For the case $p=2$ we have the long exact sequence of Galois
cohomology groups due to Arason \cite[Satz~4.5]{A}.  Suppose then
that $p>2$ and $F$ is perfect. Let $S$ be any $p$-Sylow subgroup
of $G_F=\Gal(F_{\sep}/F)$, and set $L$ to be the fixed field of
$S$. Because $F$ is perfect, the separable closure $F_{\sep}$ is
identical to the algebraic closure $\bar F$, and hence each finite
extension of $L$ has degree a power of $p$. In particular,
all of the hypotheses of Theorem~\ref{th:es} are valid for the
field $L$ in place of $F$. Furthermore, $([L:F],p)=1$. (Here we
use basic properties of supernatural numbers and Sylow
$p$-subgroups. See \cite[Chapter~1]{Ser}.) Therefore if
$E=F(\root{p}\of{a})$ is a cyclic extension of $F$ of degree $p$,
so is $EL=L(\root{p}\of{a})$ over $L$.  By Theorem~\ref{th:es} we
see that the sequence
\begin{equation*}
    k_{m-1}EL\xrightarrow{N_{EL/L}} k_{m-1}L
    \xrightarrow{\{a\}\cdot-} k_m L\xrightarrow{i_{EL}} k_m EL
\end{equation*}
is exact for each $m\in\N$.

We claim that $i_L\colon k_mF \to k_mL$ is injective. Indeed,
suppose that $i_L(\alpha)=0$ for some $\alpha\in k_m F$. Then
there exists a finite subextension $M/F$ of $L/F$ such that
$i_M(\alpha)=0$. Then
\begin{equation*}
    0=N_{M/F}(i_M(\alpha))=[M:F]\alpha,
\end{equation*}
(see \cite[p.~300]{FV}). Because $[M:F]$ is coprime with $p$, we
see that $\alpha=0$ and $i_L$ is injective as asserted. Similarly
we have that $i_{EL}\colon k_m E\to k_m EL$ is injective.

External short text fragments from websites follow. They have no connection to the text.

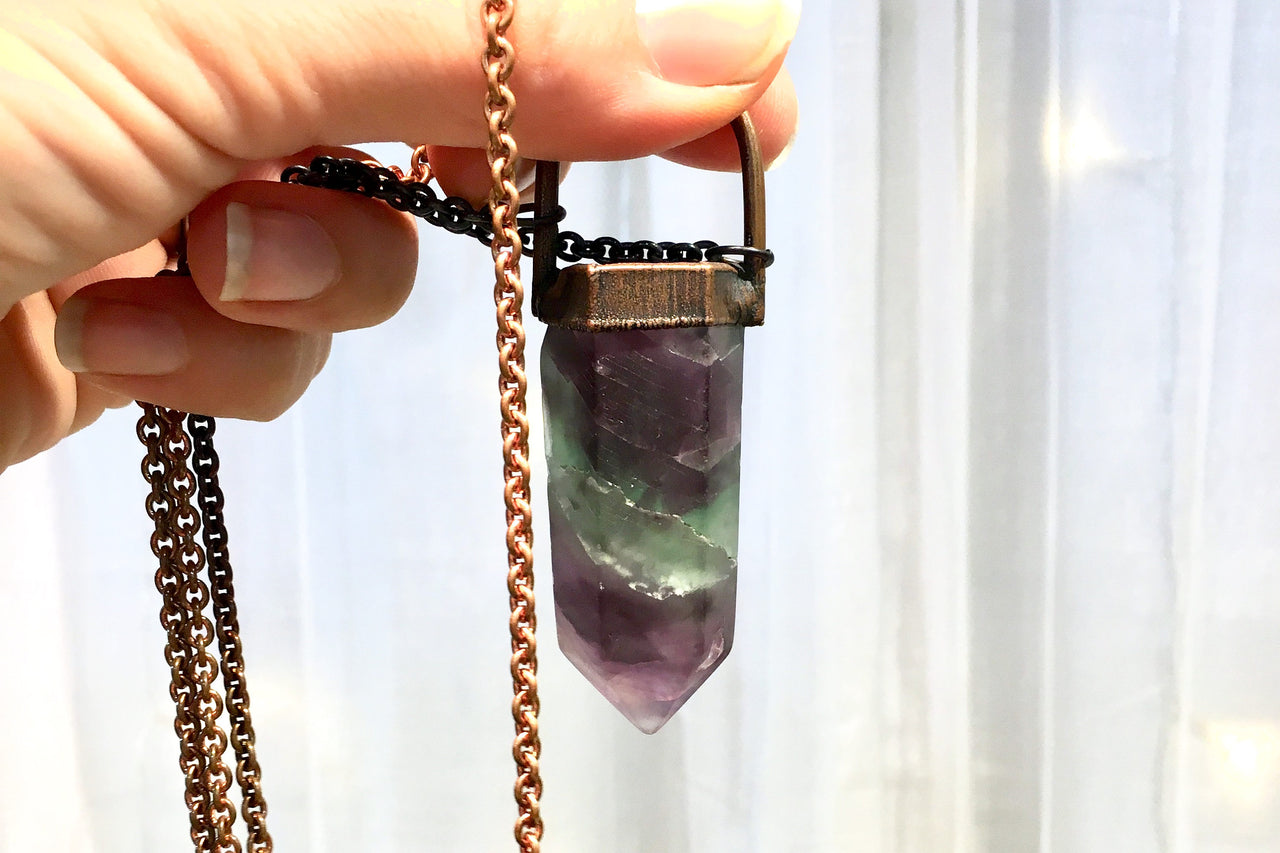 Fluorite crystal necklace | Electroformed crystal necklace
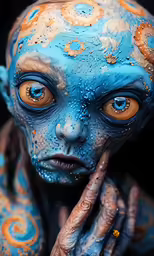 a person with blue and orange makeup painted on their face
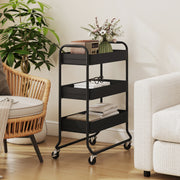 3 Tier Metal Storage Trolley With Wheels And Mesh Baskets For Home Organisation Black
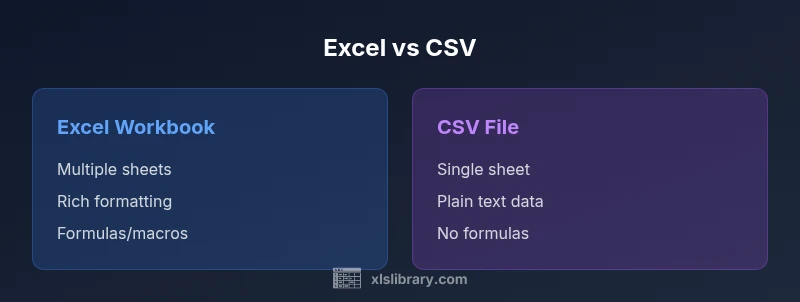 Comparison of Excel workbook vs CSV file features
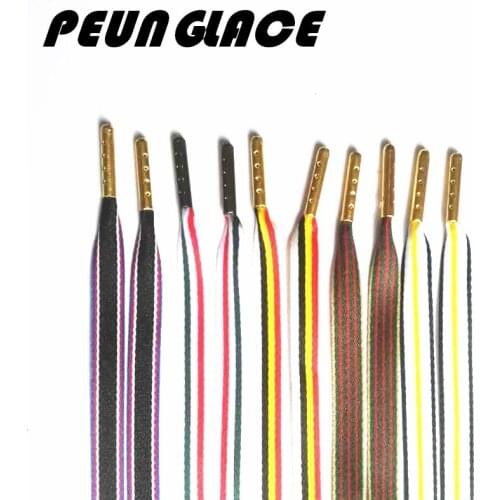 Quality PeungLace 1000 pairs/lot Striped Ribbon Laces Flat Polyester 10mm Shoelaces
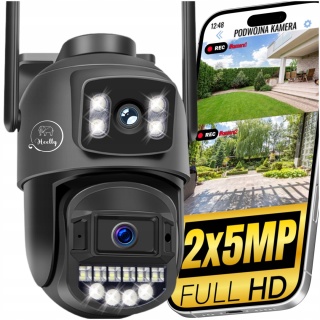 KAMERA IP WIFI PODWÓJNA OBROTOWA ZEWNĘTRZNA 2X5MP ZOOM FHD DETEKCJA RUCHU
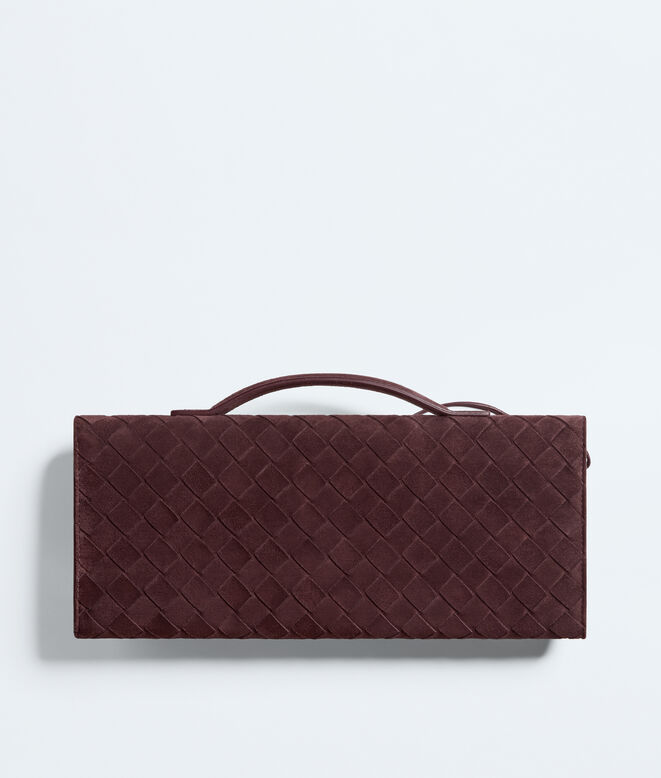 Top handle clutch in supple Intrecciato suede with signature knot closure., , hi-res
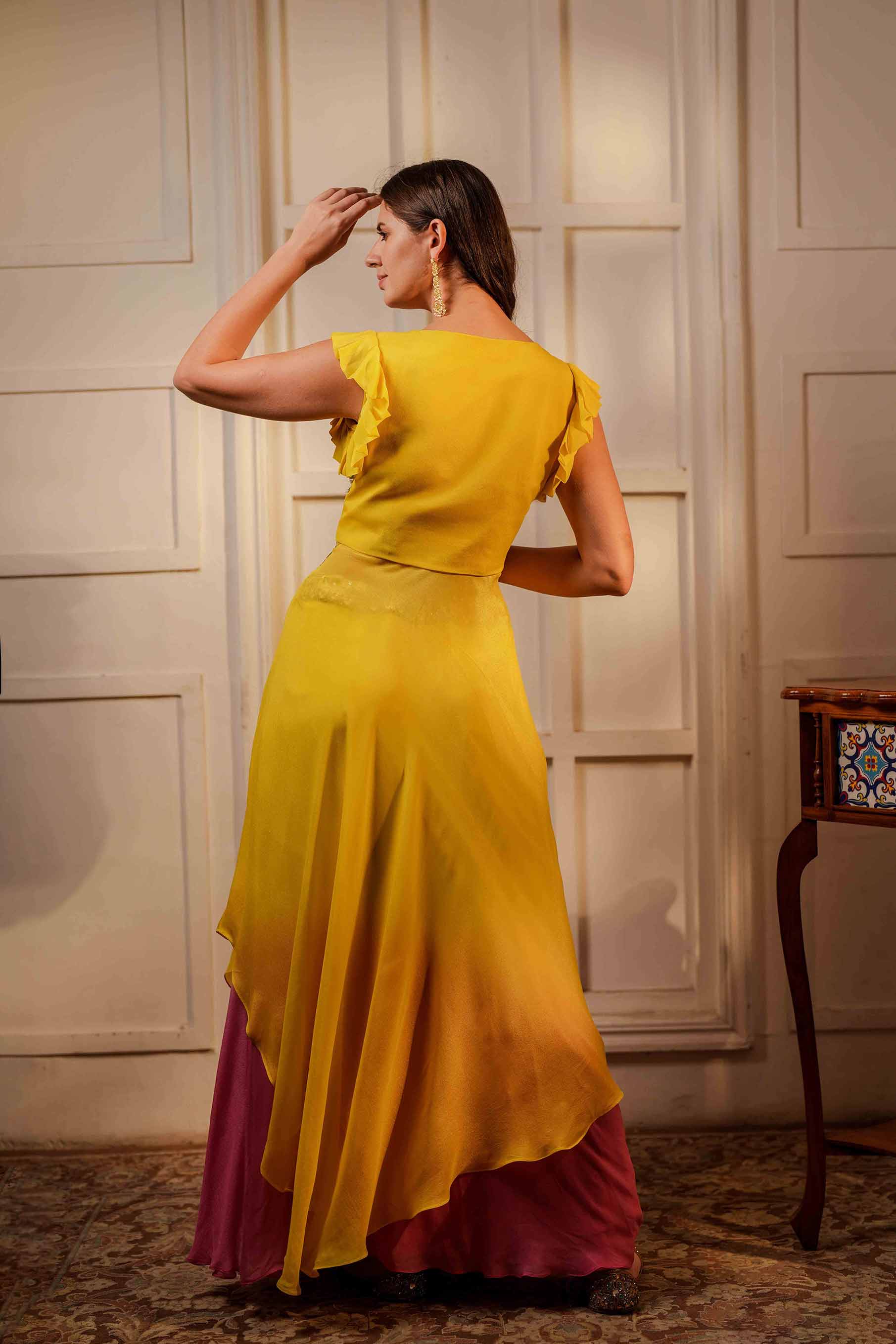 Yellow and pink cropped blouse with flare and shaded skirt set.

We then have the following commutative diagram:
\begin{equation*}
\xymatrix{ k_{m-1}EL \ar[r]^{N_{EL/L}} & k_{m-1}L
\ar[r]^{\{a\}\cdot -} & k_m L \ar[r]^{i_{LE}} & k_m EL \\ k_{m-1}E
\ar[r]^{N_{E/L}} \ar[u]_{i_{EL}} & k_{m-1}F \ar[r]^{\{a\}\cdot -}
\ar[u]_{i_{L}} & k_m F \ar[r]^{i_E} \ar[u]_{i_{L}} &
k_m E \ar[u]_{i_{EL}} \\
}
\end{equation*}
Because the vertical maps are injective, we see that the bottom
row of the diagram is a complex: the composition of any two
consecutive maps is the zero map. We now establish exactness at
the second and third terms of the complex.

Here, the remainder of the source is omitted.